Web page caption snippets:
▽
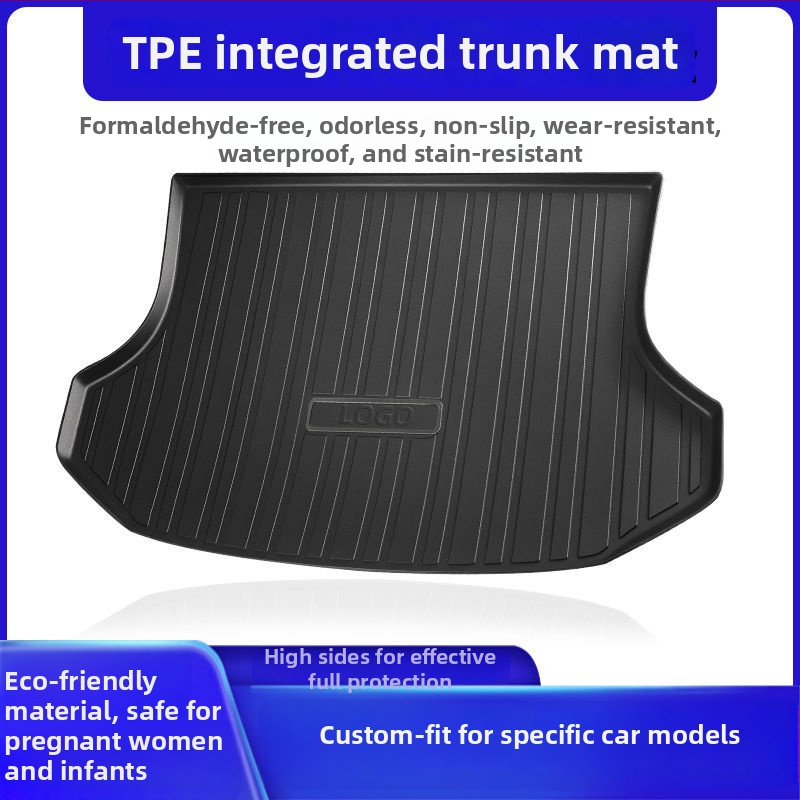 TPE+TPR prostirka za prtljažnik automobila, izdržljiva, marka Strength Factory, kompatibilna s namijenjenim modelima vozila, bez prilagodbi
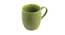 Rufus Ceramic Tea/ Coffee Mugs Set - Set of 4 (Green, Set Of 4 Set) by Urban Ladder - Design 1 Side View - 517337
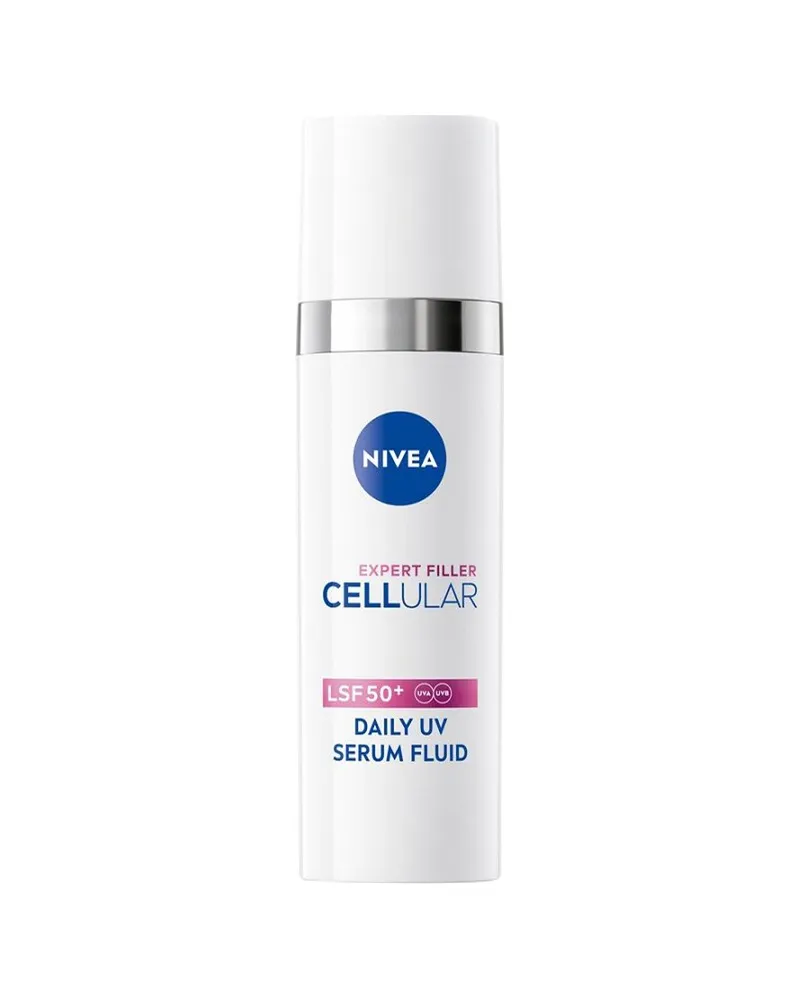 Nivea Gesichtspflege Serum-und-KurDaily UV Serum Fluid LSF 50 649,67 € / 1 l 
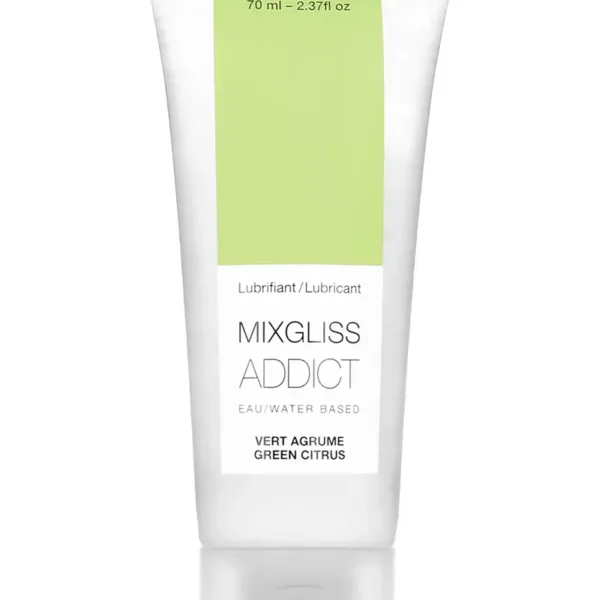 Mixgliss eau – Addict Vert agrume 70ml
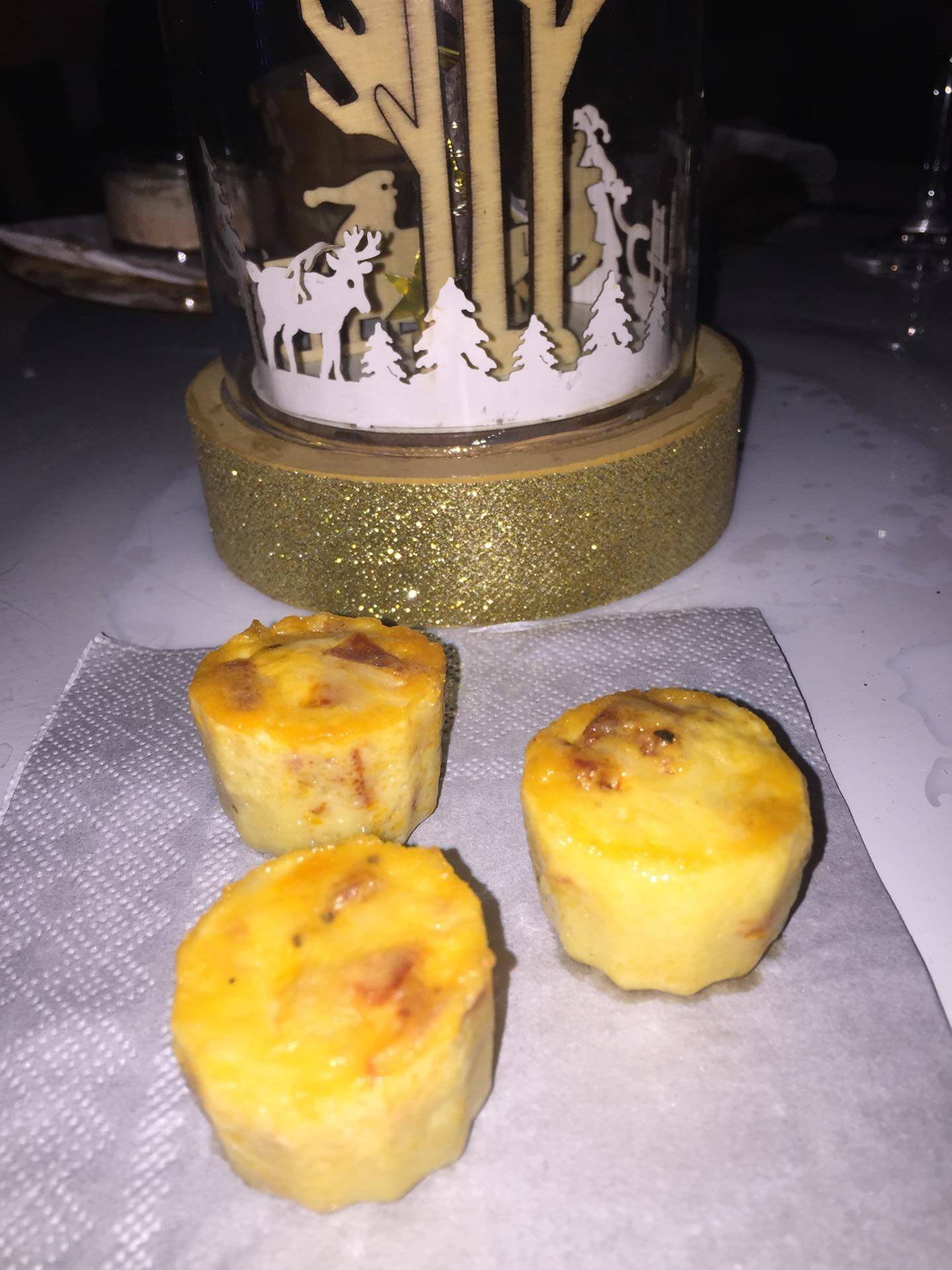 Mini cannelés au chorizo - Recette Cake Factory | Tefal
△
[Exercise aim] Above are the records; copy them exactly without the pictures.

[Solution to this exercise]
 TPE+TPR prostirka za prtljažnik automobila, izdržljiva, marka Strength Factory, kompatibilna s namijenjenim modelima vozila, bez prilagodbi
 Rufus Ceramic Tea/ Coffee Mugs Set - Set of 4 (Green, Set Of 4 Set) by Urban Ladder - Design 1 Side View - 517337
 Nivea Gesichtspflege Serum-und-KurDaily UV Serum Fluid LSF 50 649,67 € / 1 l 
 Mixgliss eau – Addict Vert agrume 70ml
 Mini cannelés au chorizo - Recette Cake Factory | Tefal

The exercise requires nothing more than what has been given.